Amy: I have a couple of Discusses in the tracker; do we need to discuss those
today?

Deborah: I'd prefer not unless someone wants to. I'm not a YANG expert and I
totally agree the authors should respond on how they dealt with the YANG doctor
reviews. It was my understanding that they did do some updates based on the
YANG doctor's review so I'm not sure why these issues are still present. I've
been pinging them and nobody answers; hopefully they get back from their
Thanksgiving holidays and start responding. If it's okay with everybody let's
leave it IESG Evaluation and revised draft definitely needed.

Ben: I did want to talk about one or two points real quick. First, the author
count; do we want to go ahead with the six authors or do we think that's going
to change?

Deborah: I usually tell my shepherd to put a note in the writeup on why there
are six. I don't allow it except in rare cases. There have not been not many
people interested in doing YANG for LDP, but they felt it was really needed.
It's been sitting around and there's been a lot of input on it, going through a
lot of different author groups. I left it there because it not only indicates
the interest by multiple groups of people but they really did input on it. So I
left it.

Ben: Mostly I just wanted to check that it was intentional, so I wrote that my
Discuss point was pro forma to make sure we talked about it a little bit.

Barry: It's going to require some shepherding during auth-48.

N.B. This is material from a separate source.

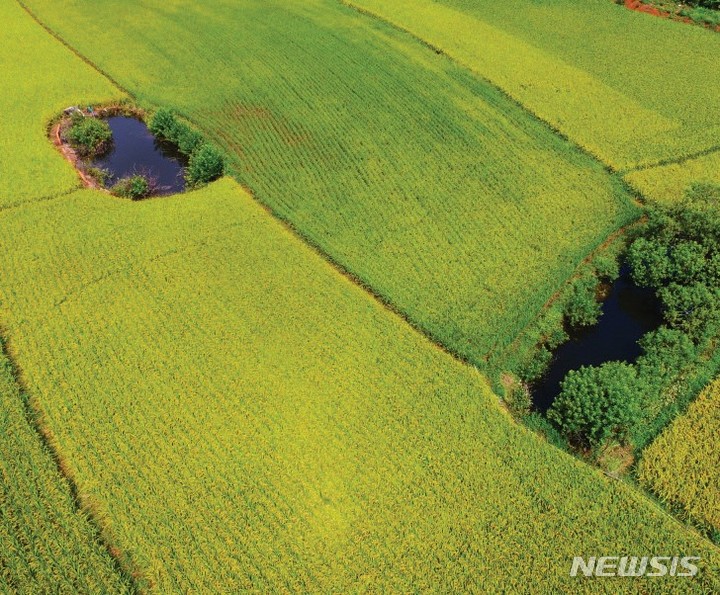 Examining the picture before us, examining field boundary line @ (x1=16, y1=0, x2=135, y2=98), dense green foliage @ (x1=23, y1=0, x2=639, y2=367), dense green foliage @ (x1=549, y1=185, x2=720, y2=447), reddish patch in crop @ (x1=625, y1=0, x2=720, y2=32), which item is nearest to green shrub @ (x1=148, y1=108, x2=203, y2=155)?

Deborah: I'm very strict with it and I push back, especially if there's a huge
amount of authors from the same company. But this group really reflects a
diverse industry interest and they really all did work on it, so I left it.
We've got to make sure they are all responsive.

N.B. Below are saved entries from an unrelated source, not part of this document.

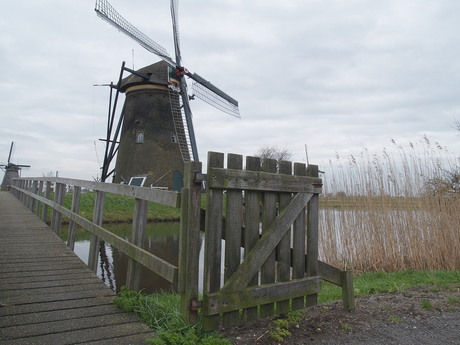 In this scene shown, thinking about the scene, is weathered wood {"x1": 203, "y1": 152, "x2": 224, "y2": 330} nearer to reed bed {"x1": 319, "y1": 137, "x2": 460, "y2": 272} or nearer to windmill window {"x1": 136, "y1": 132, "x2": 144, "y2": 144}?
reed bed {"x1": 319, "y1": 137, "x2": 460, "y2": 272}

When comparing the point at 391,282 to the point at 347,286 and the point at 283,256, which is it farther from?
the point at 283,256

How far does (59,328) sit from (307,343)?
1.70 m

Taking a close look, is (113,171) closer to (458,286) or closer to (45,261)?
(45,261)

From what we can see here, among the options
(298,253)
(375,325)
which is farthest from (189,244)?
(375,325)

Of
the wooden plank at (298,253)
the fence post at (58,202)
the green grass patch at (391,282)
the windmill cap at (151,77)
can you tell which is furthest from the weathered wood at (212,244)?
the windmill cap at (151,77)

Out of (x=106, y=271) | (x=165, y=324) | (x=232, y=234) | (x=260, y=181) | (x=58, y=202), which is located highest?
(x=260, y=181)

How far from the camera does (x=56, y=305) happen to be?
9.31 ft

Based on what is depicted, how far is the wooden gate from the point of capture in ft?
8.14

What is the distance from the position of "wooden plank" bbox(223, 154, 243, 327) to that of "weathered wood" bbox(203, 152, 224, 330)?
0.08 m

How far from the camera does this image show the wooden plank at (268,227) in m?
2.76

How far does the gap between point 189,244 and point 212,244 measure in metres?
0.16

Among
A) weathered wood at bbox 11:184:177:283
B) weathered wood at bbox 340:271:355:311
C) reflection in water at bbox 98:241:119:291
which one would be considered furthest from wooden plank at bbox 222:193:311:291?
reflection in water at bbox 98:241:119:291

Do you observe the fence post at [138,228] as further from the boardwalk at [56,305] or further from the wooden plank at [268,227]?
the wooden plank at [268,227]

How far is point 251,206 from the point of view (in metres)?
2.68
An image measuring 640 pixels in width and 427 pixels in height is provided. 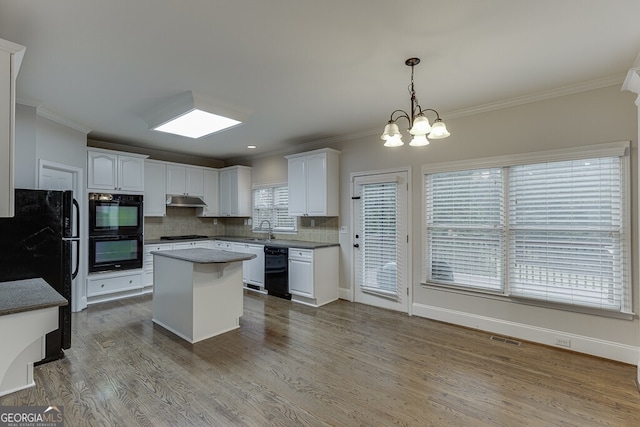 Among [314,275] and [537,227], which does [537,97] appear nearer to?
[537,227]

Eric: There were also many comments about the v4 and v6 imbalance in this
modeling.

Deborah: We've got to get that sorted out.

Eric: Thank you.

Ben: Thanks; that was all I felt a desire to talk about today.

Amy: Great, so that will stay in IESG Evaluation with Revised ID Needed.

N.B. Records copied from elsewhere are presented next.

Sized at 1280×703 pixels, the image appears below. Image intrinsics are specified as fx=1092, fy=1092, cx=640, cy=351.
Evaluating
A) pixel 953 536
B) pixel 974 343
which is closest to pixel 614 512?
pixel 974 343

 o draft-ietf-netmod-yang-data-ext-04  - IETF stream
   YANG Data Structure Extensions (Proposed Standard)
   Token: Ignas Bagdonas

Amy: Ignas has not joined us today but I have no active Discusses so it looks
like this one is approved unless there's an objection now. Hearing no
objection, so this will go into Approved, Announcement to be Sent, Point Raised
so he can make final checks.

2.1.2 Returning items

 NONE

2.2 Individual submissions
2.2.1 New items

 NONE

2.2.2 Returning items

 NONE

2.3 Status changes
2.3.1 New items

 NONE

2.3.2 Returning items

 NONE

3. Document actions
3.1 WG submissions
3.1.1 New items

 o draft-ietf-stir-oob-06  - IETF stream
   STIR Out-of-Band Architecture and Use Cases (Informational)
   Token: Adam Roach

Amy: I have a Discuss in the tracker; do we need to discuss this today?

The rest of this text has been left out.